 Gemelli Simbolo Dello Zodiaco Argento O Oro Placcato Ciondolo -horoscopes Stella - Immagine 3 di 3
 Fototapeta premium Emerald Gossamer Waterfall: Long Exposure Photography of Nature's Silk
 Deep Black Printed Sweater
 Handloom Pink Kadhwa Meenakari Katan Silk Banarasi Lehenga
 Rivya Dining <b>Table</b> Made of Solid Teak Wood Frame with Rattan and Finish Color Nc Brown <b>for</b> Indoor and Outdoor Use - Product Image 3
################
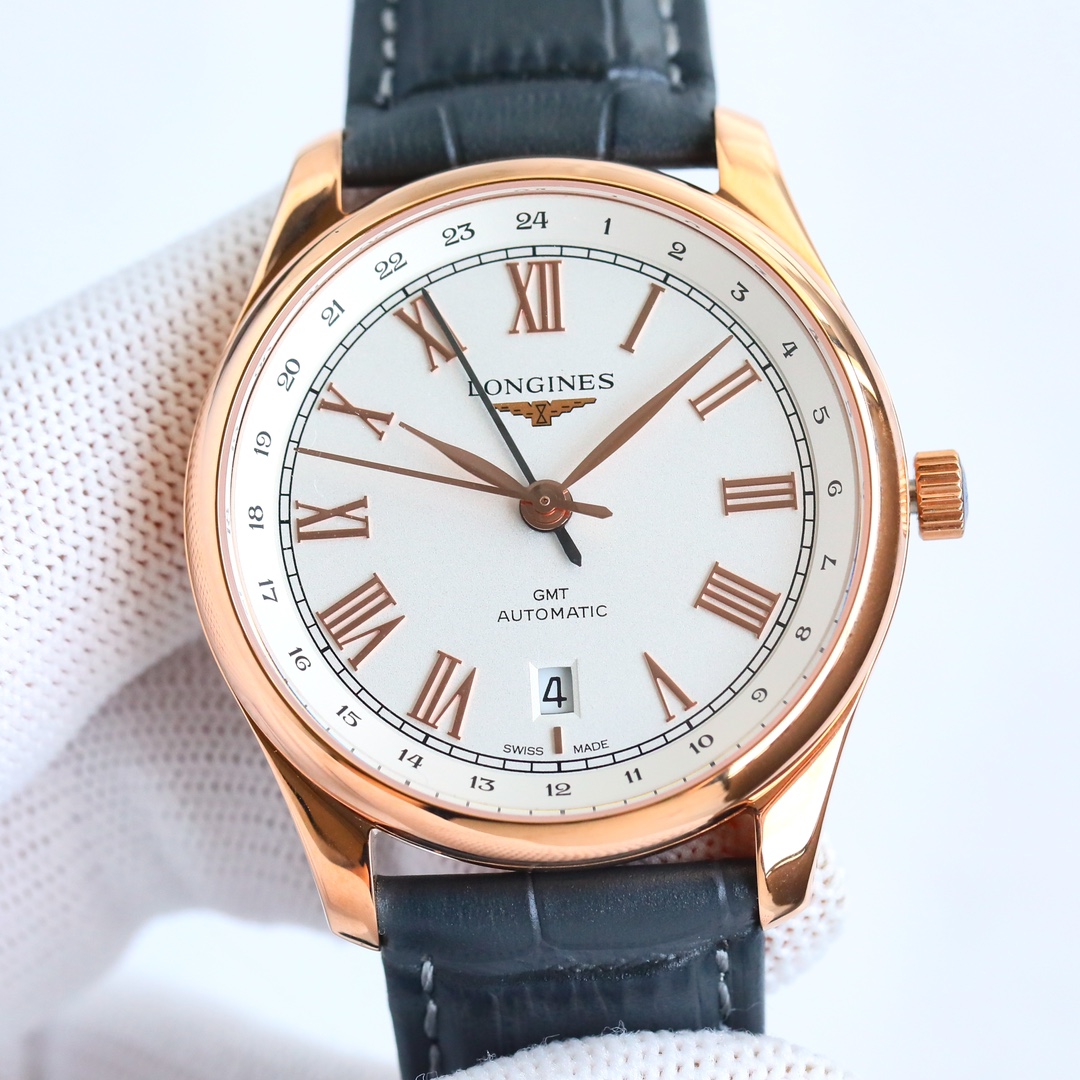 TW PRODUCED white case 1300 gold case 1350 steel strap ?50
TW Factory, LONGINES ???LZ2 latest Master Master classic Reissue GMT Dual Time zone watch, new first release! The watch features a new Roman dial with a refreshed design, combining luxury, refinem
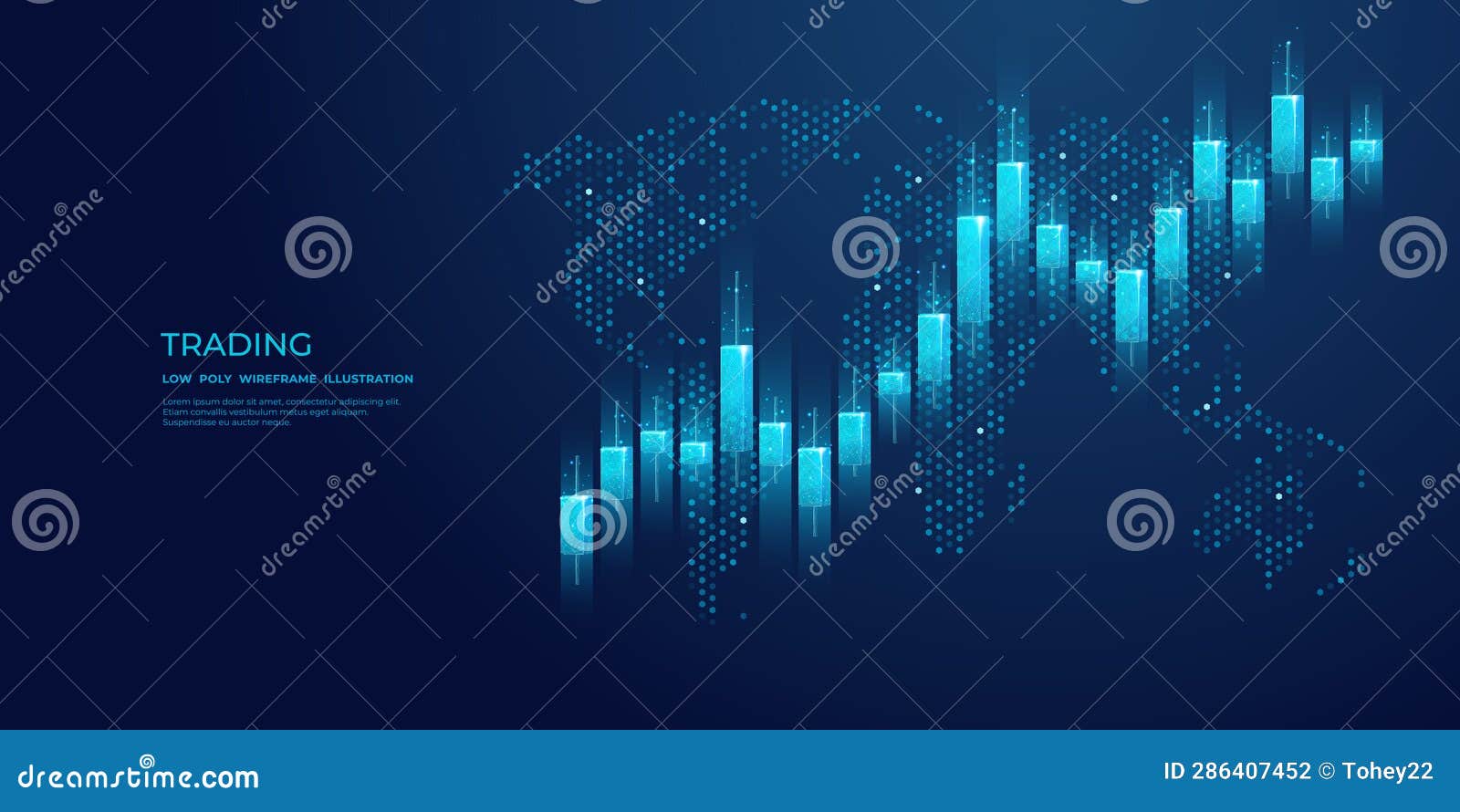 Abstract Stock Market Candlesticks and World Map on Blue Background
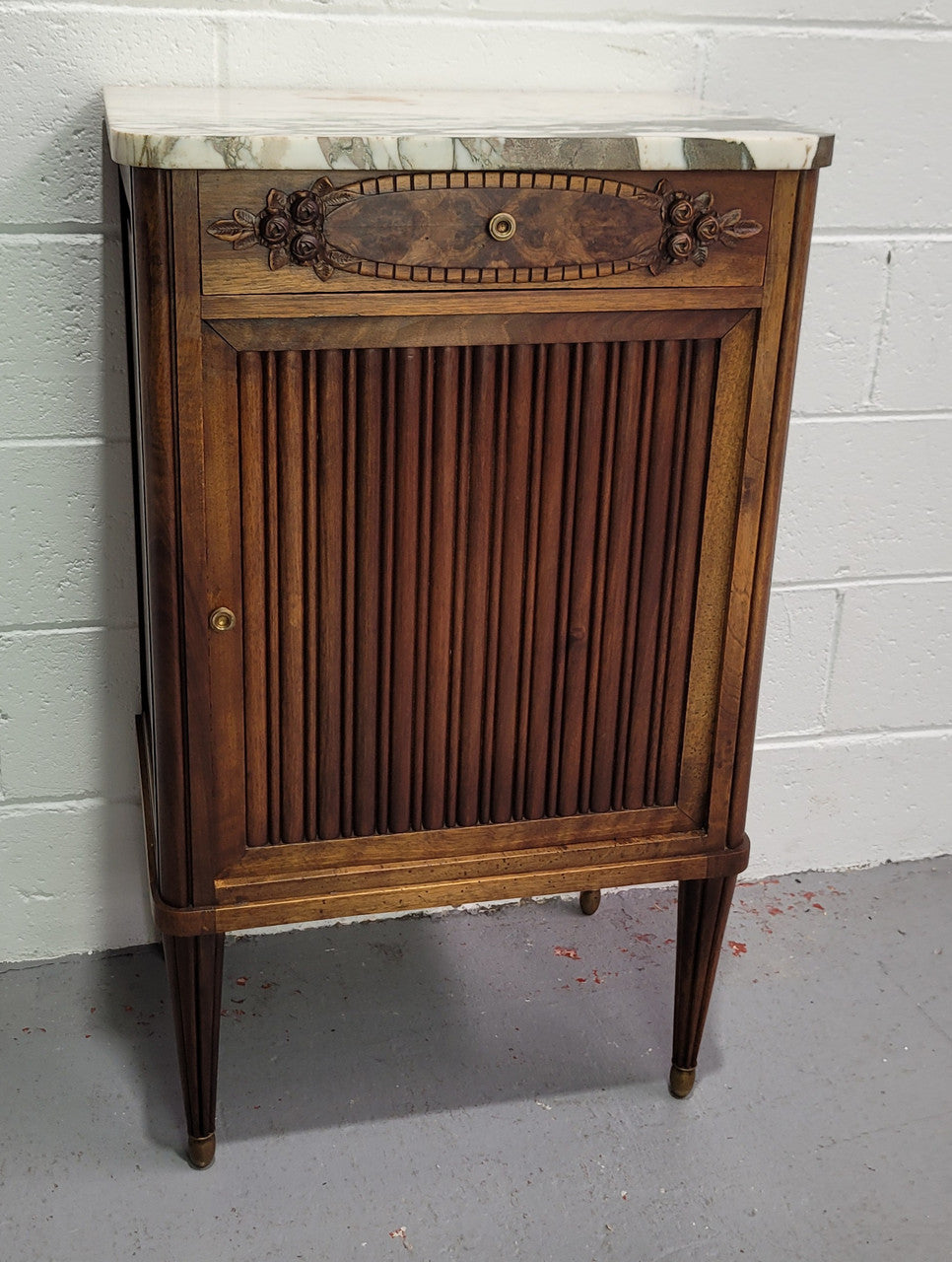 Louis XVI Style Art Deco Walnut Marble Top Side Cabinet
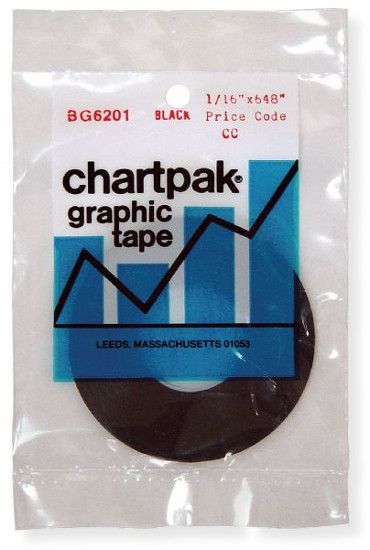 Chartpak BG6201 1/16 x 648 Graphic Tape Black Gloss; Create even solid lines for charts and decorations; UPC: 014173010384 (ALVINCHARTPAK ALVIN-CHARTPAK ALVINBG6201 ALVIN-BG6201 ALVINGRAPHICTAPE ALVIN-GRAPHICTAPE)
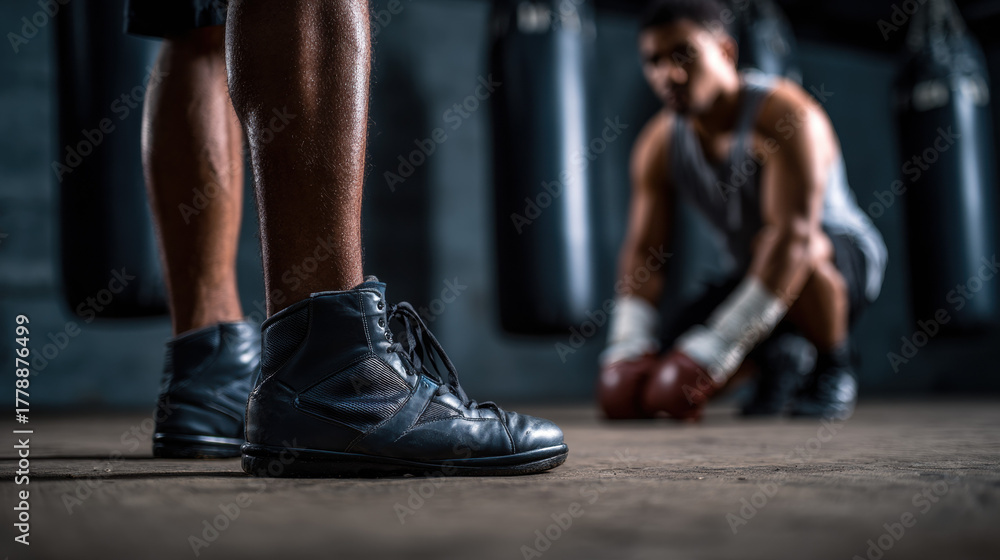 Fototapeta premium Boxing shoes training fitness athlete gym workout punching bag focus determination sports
################
> [Directions for this task] Show the lines above that include "with".

> [Reply to the exercise]
 Rivya Dining <b>Table</b> Made of Solid Teak Wood Frame with Rattan and Finish Color Nc Brown <b>for</b> Indoor and Outdoor Use - Product Image 3
TW Factory, LONGINES ???LZ2 latest Master Master classic Reissue GMT Dual Time zone watch, new first release! The watch features a new Roman dial with a refreshed design, combining luxury, refinem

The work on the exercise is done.